ACTION ITEM |
Print the lines below word for word, beginning with the first and ending with the line that holds "And then under", and skip every picture.

DATA PROVIDED |
# # #
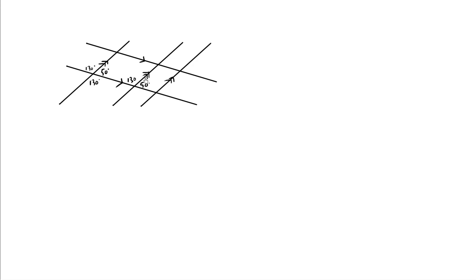So I know that this angle here is going to equal this angle here. This is the alternating angle theorem. So this is 130. This also must be 130. We can repeat the step to figure out all the other angles.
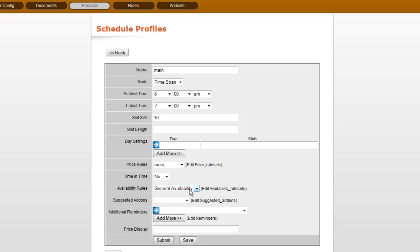And then under availability rules, this is where this ties that together with their availability. You can set whether certain items are not available for customer pickup, or maybe they're only available at certain times of the year.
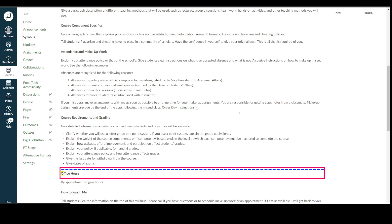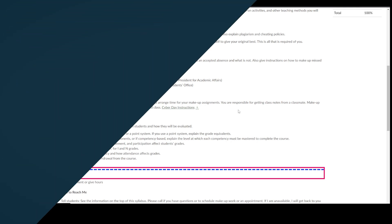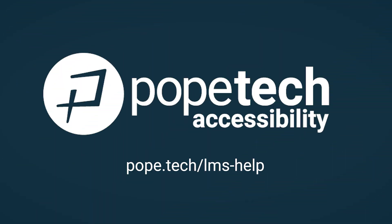A screen reader user is forced to interact with an empty link and doesn't get helpful information, which can be confusing.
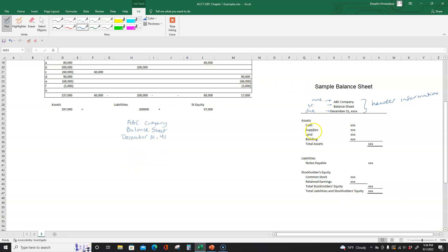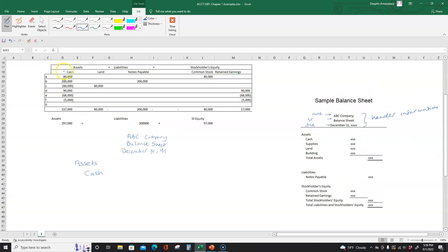Now let's prepare the balance sheet. The first thing we're going to list out is our assets. We're going to go through assets in the order of liquidity — liquidity means the ease of converting items to cash. Cash is the most liquid asset so the first thing we list is cash. Looking at the first column, our cash at the end of the period was $237,000, so we list that amount: $237,000.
# # #
RESPONSE AREA |
So I know that this angle here is going to equal this angle here. This is the alternating angle theorem. So this is 130. This also must be 130. We can repeat the step to figure out all the other angles.
And then under availability rules, this is where this ties that together with their availability. You can set whether certain items are not available for customer pickup, or maybe they're only available at certain times of the year.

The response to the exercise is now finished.